Depois que Israel Pinheiro deixou Brasília, Ney Ururahy foi designado para uma função burocrática no governo do Distrito Federal, mas pediu demissão e deixou para lá 25 anos de serviço público. Voltou ao seu planeta de origem, o paisagismo. Foi ele que executou os jardins do Itamaraty, obra de Roberto Burle Marx. São dele, entre outros, os projetos de paisagismo do Hotel Tropical, em Manaus, e do Tambaú, em João Pessoa. Por esses dias, desenvolve projetos no Rio Grande do Sul e no Acre.

Lamenta que Brasília não aproveite o cerrado em seus jardins e áreas públicas. ;A cidade planejada, com arquitetura especial e grandes áreas verdes, não admite jardins meigos e acertadinhos. Nossos jardins pedem pequizeiros, copaíbas, ipês-brancos, roxos e amarelos, quaresmeiras, sucupiras, jatobás; que tão bem caracterizam com o seu desfolhamento as estações chuvosas e secas;, ele escreveu em texto de 1999.

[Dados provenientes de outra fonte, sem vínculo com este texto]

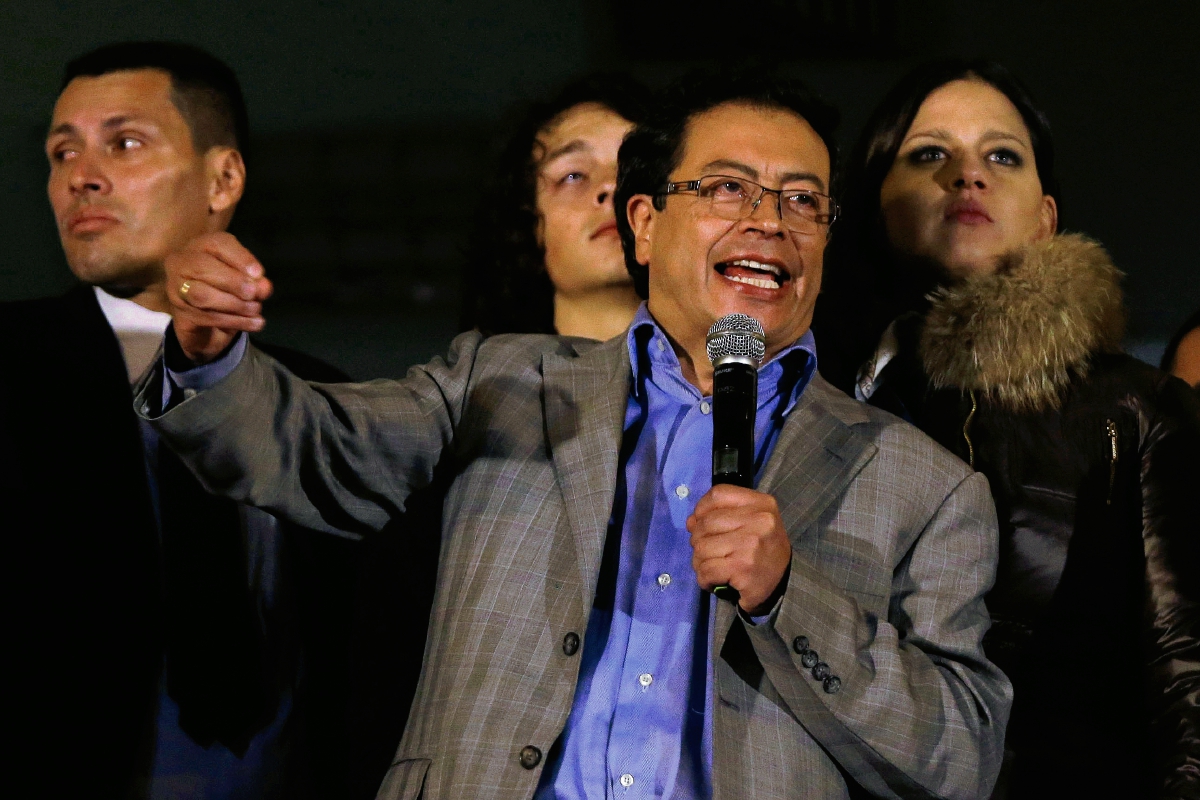 Gustavo Petro, alcalde de Bogotá. (Foto Prensa Libre: AP)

Há mais de 20 anos, Ney Ururahy mora numa chácara do Lago Sul, imensa área verde nada suntuosa, monástica até, com pequenas construções em tijolo aparente, passeios em chão de pedrinhas, coreto de tijolinhos e um comedouro para passarinho feito de hastes finas de ferro, como uma flor. Antes de se mudar para essa quadra, o paisagista morou na QL 8. ;Fui o primeiro morador do Lago Sul;, ele conta. Do quarto, ele viu o lago se formar, dia após dia. Entende-se, portanto, a razão de tanto orgulho silencioso de ter estado aqui naquele tempo heroico.